Residents warned to be on high alert with scams on rise
A LOCAL MP has come out swinging after one elderly resident was inundated with electronic and hard-copy scams over the past few weeks.
Scammers using phone, email and mailing services have swamped 61-year-old Ian Clark with dodgy "get rich quick" schemes.
Mr Clark is just one of many vulnerable older people in the region who are being targeted by scammers.
In the most recent scam, Mr Clark was told, via a note with a Royal Mail letterhead, he was the recipient of a 9.8-million-pound estate in England.
"There's a lot of people who are going to get these letters and they look convincing," he said.
Gladstone's independent state MP Liz Cunningham wants it to stop.
Ms Cunningham said older members of the community grew up in an era where trusting someone at their word was the norm, so they were susceptible to being used.
"Older people are so used to giving out their confidential information, i.e. with pension cards etc," she said.
She advised anyone who had received scam letters to get in touch with herself or her office directly, so she could alert the Office of Fair Trading, which in turn was able to update its databases to assist in the battle against fraudulent foreign and domestic schemes.
"They're (elderly people) very trusting, lovely people, and very believing," Ms Cunningham said.
"If anyone has any concerns or has received unsolicited contact, they should call my office or Ken O'Dowd's office and we'll get onto it for them."
The Office of Fair Trading said the golden rule was, if an offer looked too good to be true, it probably was.
Because most scams originate outside of Australia, victims have trouble recouping their losses.
Mr Clark is sick and tired of people trying to rip him off.
After receiving phone calls from what he said were scammers from the Philippines for the past five or six years, things went a step further last week.
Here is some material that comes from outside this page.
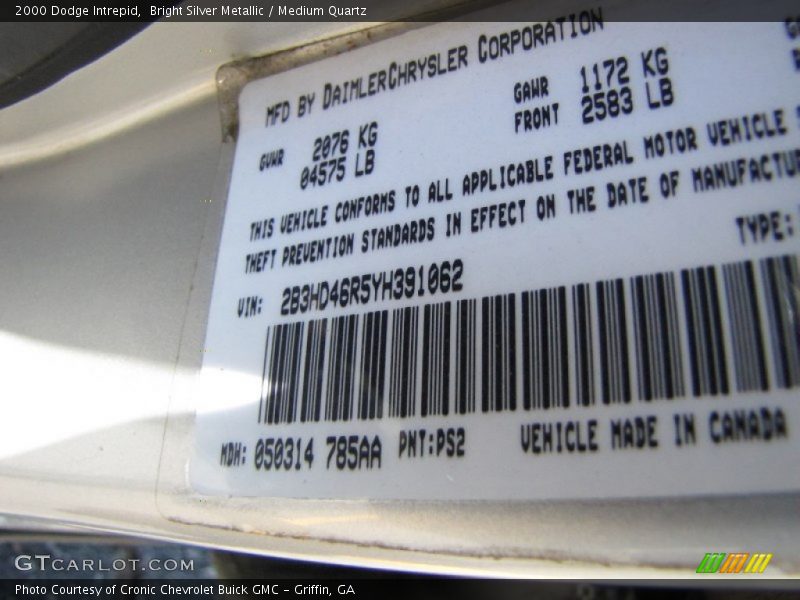 2000 Intrepid  Bright Silver Metallic Color Code PS2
Mr Clark and his wife received a letter in the mail, with Royal Mail letterhead, alerting them to the death of a supposed member of their immediate family.
The scam included a request to have Mr Clark and his wife present themselves as trustees, to access the estate of the deceased, valued at 9.8 million British Pounds, according to the dodgy letter.
Luckily for him, Ian had a career working with computers and was alert to the scam, but wished to make sure others in the region were keeping up their guards.
He said the calls were usually from people posing to be from Microsoft help desk, trying to encourage them to install certain software on their computer, to enable the scammers to then gain control and access to passwords and other private information.
"Most of the time it has been 'hello, we are the Microsoft help desk' and what they're trying to do is to get you to put on a piece of software which will let them take over your computer," he said.
"Lately they've also been saying 'we're representing the Charities Association of Australia' and I find that one personally very offensive."
Mr Clark warned most people, himself included, did not have much variation when it came to passwords for things like online banking and other personal activities, which placed them as an easy target.
Mr Clark, 61, advised people receiving similar scam emails and phone calls to alert local police to ensure those responsible could be dealt with.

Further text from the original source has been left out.